Remember the NRA's favorite slogan? The one that goes, "Gun don't kill people, people kill people?" Well a jury in Milwaukee decided that it was the gun, in this case a gun sold to one jerk who actually bought it for another jerk who then pulled it out and shot two Milwaukee cops back in 2009. Luckily the cops lived, even though they sustained serious injuries; the shooter's sitting in a cage for the next 80 years or so. As for the guy who bought the gun, he got two years for participating in a "straw sale."

Coincidentally, the very same day of the verdict, the Democratic presidential candidates spent nine minutes of their first debate sparring about gun control, and I noticed that Shlump Trump didn't mention this segment of the debate at all in the snarky comments he kept sending out to his infantile fan club.
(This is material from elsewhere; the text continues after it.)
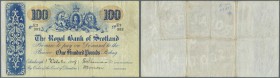 Scotland: The Royal Bank of Scotland 100 Pounds 1949 P. 320b, highly rare high denomination, several vertical and horizontal folds with light stain on...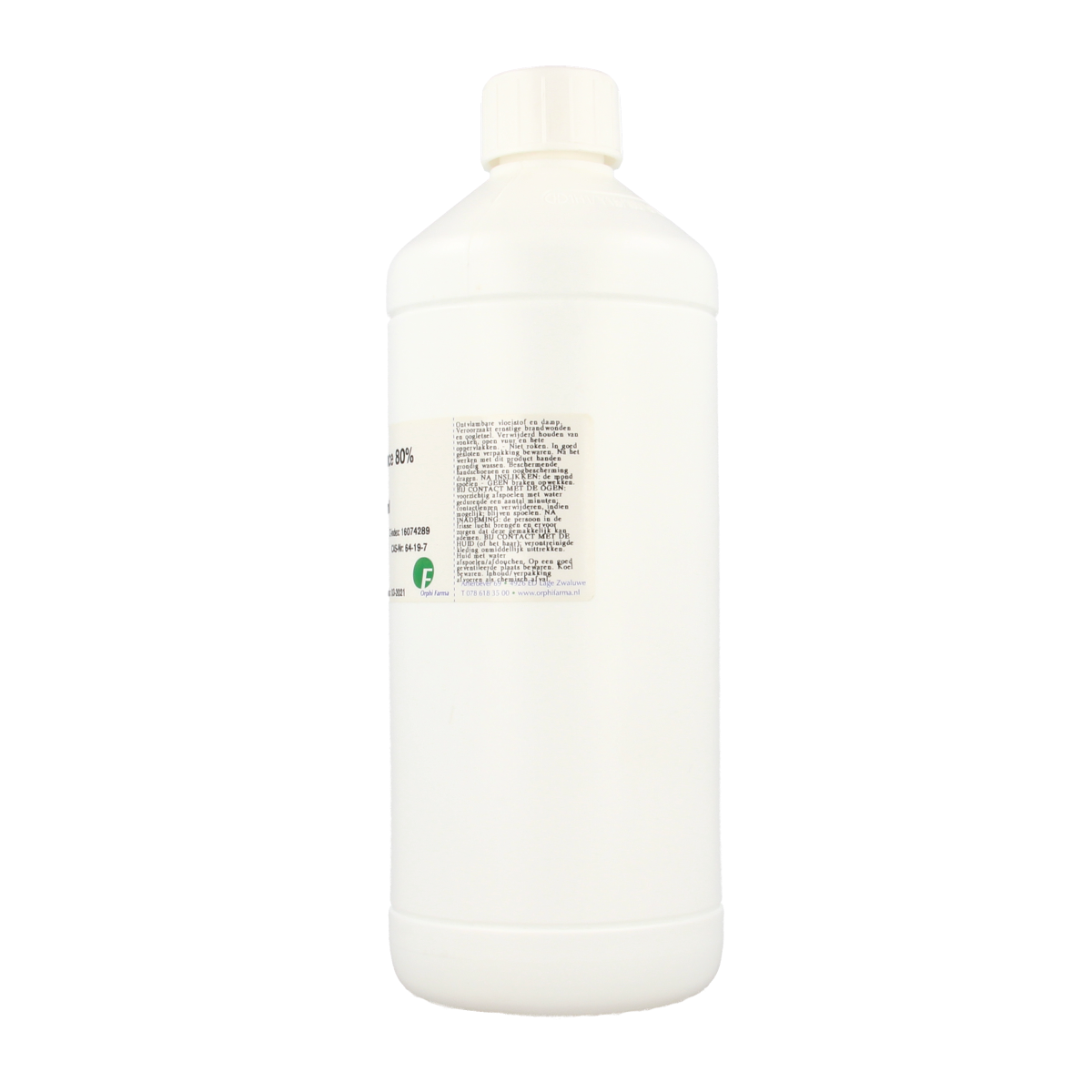 Orphi Azijnzuur essence 80% in 1-liter bottle, cleaning chemical for industrial and household use.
The nation's Number One Clown may "love" the 2nd Amendment, but the Milwaukee verdict tells a much different tale when it comes to how the average American thinks about guns.
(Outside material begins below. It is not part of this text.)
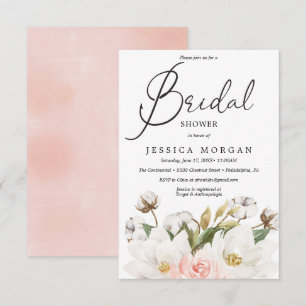 Magnolia Cotton Bridal Shower Invitation Card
I wasn't in the courtroom so what I know about the trial is second-hand, but the charge against the gun shop, Badger Guns, was that the store was "negligent" in selling the gun to someone who was buying it for someone else, and this negligence then led to the shooting of the cops. Prosecutors charged that the shop employee should have known that he was engaging in a "straw" sale because the buyer kept making mistakes as he filled out the 4473, even at first stating that he was not the "actual" buyer of the gun, and that no attempt was made to verify the straw buyer's real address.

The defense claimed, on the other hand, that the gun shop was "set up" because the straw buyer and the real buyer had conspired to deceive the store regarding the true identity of the person who would ultimately receive the gun. In effect, the store was duped; hence, no negligence on its part in the later shooting of the cops. This gun shop, incidentally, has been on the radar screen for a long time, having been the source of more than 500 crime guns in one year alone.

The bottom line in the Milwaukee case is that the average American jury is no longer enamored of the NRA and no more forgiving when it comes to violence caused by guns. There have just been too many shootings and too much pro-gun belligerence from the NRA and other gun-nut groups like the bunch in Texas who go marching around in public showing off their guns. Alex Yablon summed it up nicely in today's article in The Trace: "The NRA has a group of reliable single-issue voters who can be counted on to show up to the ballot box. The thing is, they're always there." And it's not as if the next mass shooting will motivate more people to join the NRA.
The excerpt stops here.